Turkish March meddles into Nabucco’s theme

As serendipitously as Ali Baba learned the magic words “Open Sesame,” sheer location may have given Turkey the means whereby to parley its Muslim civilization into long-aspired EU membership.

Turkey has been knocking on Europe’s door for a long time. Negotiations began in 2005 but have gained little ground. The EU is said to be suffering of “expansion fatigue” but in reality Brussels is profoundly dissatisfied with Ankara’s domestic reforms to ensure constitutional rights and fairer treatment of minorities. The unhealthy status quo in Cyprus is also troubling.

Turkey’s willingness to cooperate in projects that enhance EU’s energy security and membership in the Union appeared as a quid pro quo. Brussels finds this unacceptable and is trying to convince Turkish government officials that the two issues should not be linked, but there is no assurance that this advice has been taken to heart.

“If Turkey ties the two together that means the death of Nabucco,” said Gyurcsany in an interview during the conference (Nepszabadsag, Jan. 27).

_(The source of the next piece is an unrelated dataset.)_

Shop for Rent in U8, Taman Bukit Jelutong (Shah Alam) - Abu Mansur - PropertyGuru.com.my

Nabucco’s Turkish partner (Botas) has made unacceptable lift-off claims on transshipped gas as a price for its participation. According to sources close to the project, the Turkish partner simply wants to dramatize the need for Iran to enter the picture as a key supplier, probably to the great pleasure and approval of Tehran. It is worth noting that Gazprom is heavily involved in the development of Persian gas fields.

Warning: Peak oil today, peak gas tomorrow!

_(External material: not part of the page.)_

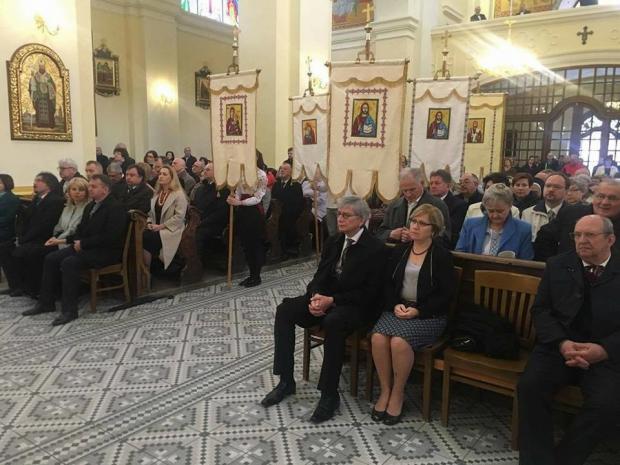 Служба у храмі. Фото: http://glavcom.ua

Based on known reserve and current production data (coming from reputable official and independent private sources), natural gas will run out in 55 – 65 years.

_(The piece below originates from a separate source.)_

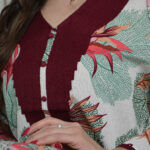 ⁦جلابيه مزينه بالاحمر بدقات شرايط عنابي من امام⁩ - الصورة ⁦7⁩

Uncertain as these figures may be, they deserve the status of reference scenario. While some estimates put yet-to-be-discovered reserves as high as two-thirds of currently confirmed ones, it seems unlikely that tapping these hypothetical sources would exceed the projected ca. 50-percent increase in global gas consumption (piped and liquefied modes of delivery combined) between now and 2030.

On the express train that leads to the depletion of irreplaceable natural resources, the barren scenery of “peak gas” follows “peak oil” closely. Once both peaks are passed, prices of these twin hydrocarbons would keep rising (at global full employment levels) along an interwoven chaotic path.

Natural gas is hyped consistently as a “clean,” “abundant,” and “responsible” source of energy. Projections of its future use are consumption-based and they assume away or ignore the economic consequences of the peak.

The optimal strategy would be to use the few decades that natural gas may accord to the global economy to build up renewable sources of energy. But no such integrated approach is in sight when support for the construction of new pipelines is discussed at international fora such as the one that has just ended on the banks of the Danube.